* **GIVEN INFORMATION**
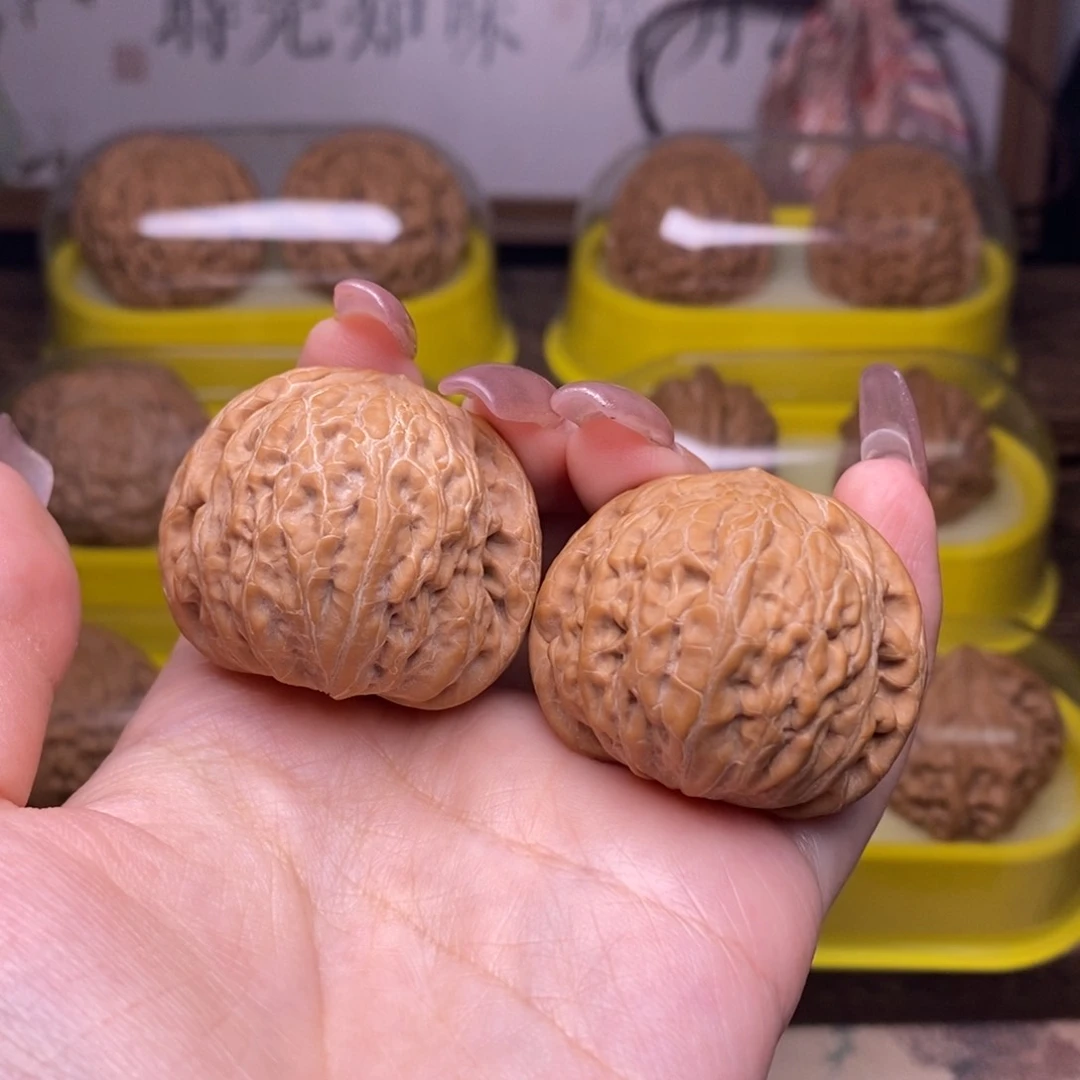 文玩核桃把件简*点全品37.5尺铁锤妹妹2052
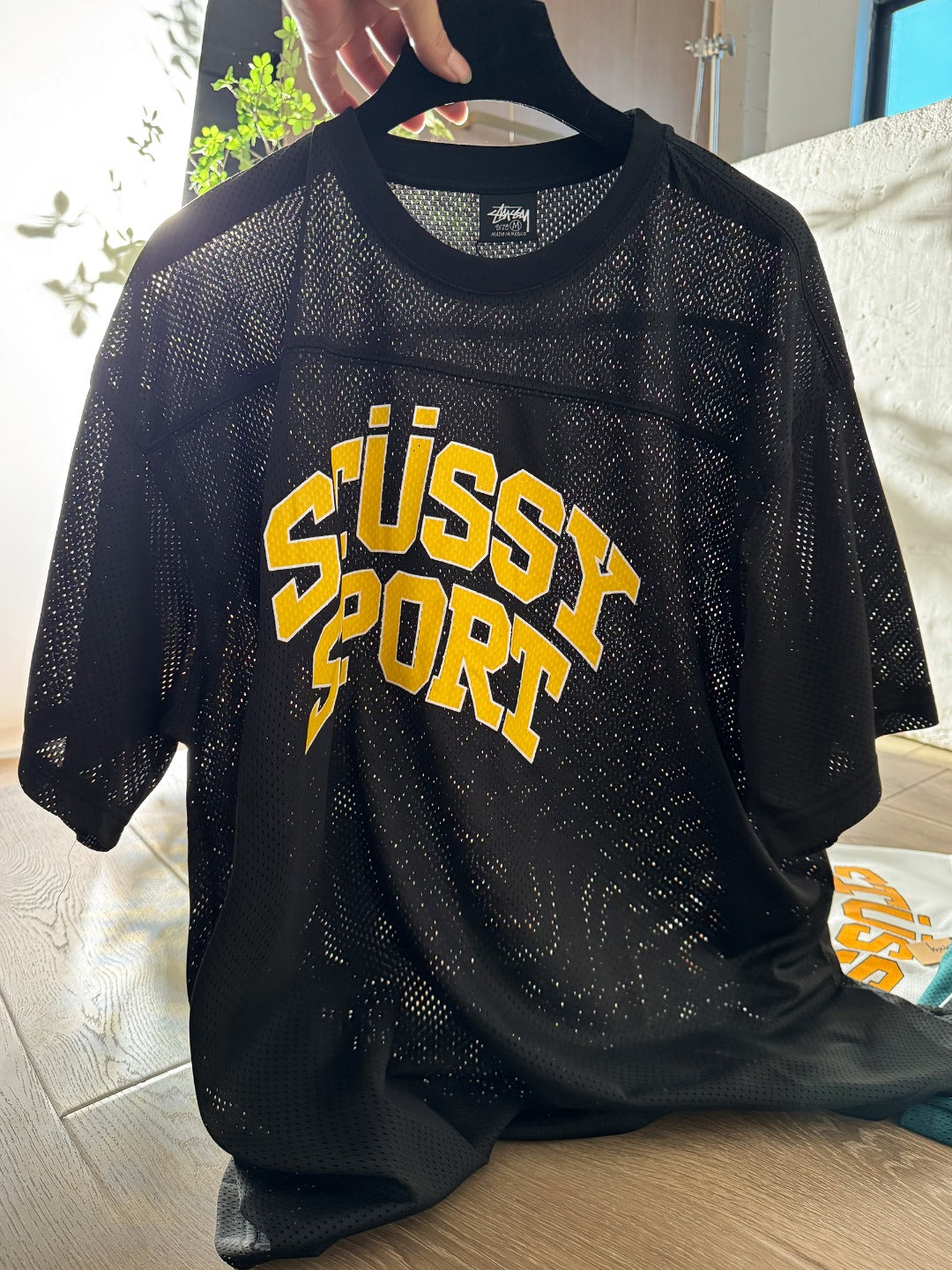 Stussy SPORT MESH FOOTBALL JERSEY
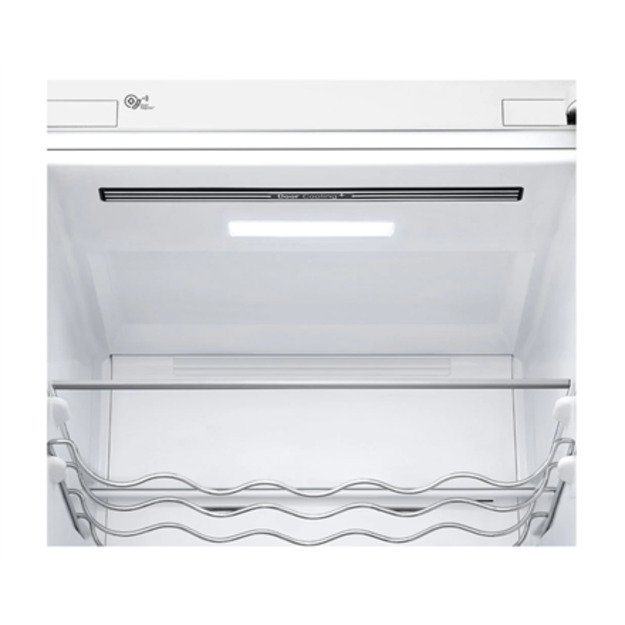 LG | Refrigerator | GBB72SWDMN | Energy efficiency class E | Free standing | Combi | Height 203 cm | No Frost system | Fridge ne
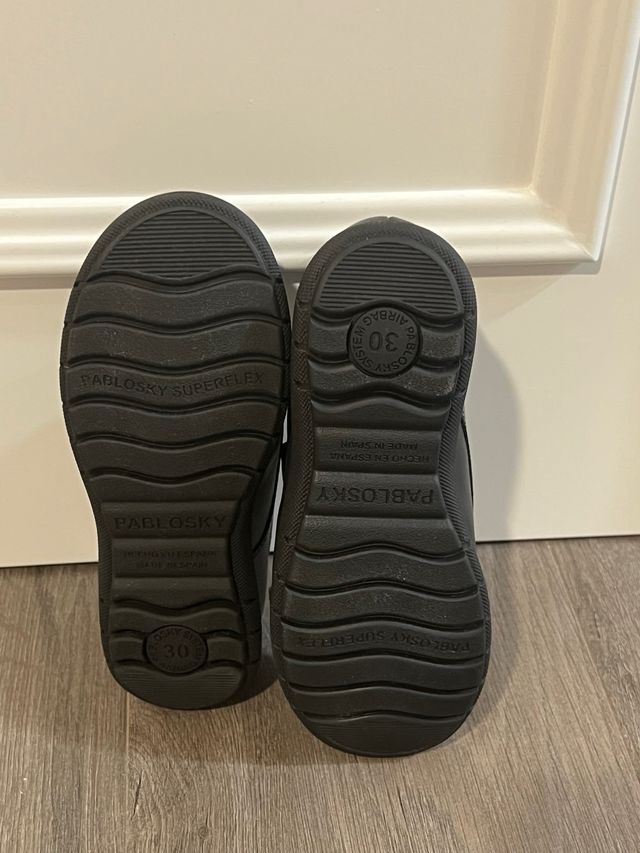 Zapatos niña Pablosky Talla 30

* **WHAT TO WORK ON**
Pictures are skipped here. Print exactly, and only, the lines from the one holding "LG | Refrigerator" through the final line of the material above, both ends included.

* **EXPECTED ANSWER**
 LG | Refrigerator | GBB72SWDMN | Energy efficiency class E | Free standing | Combi | Height 203 cm | No Frost system | Fridge ne
 Zapatos niña Pablosky Talla 30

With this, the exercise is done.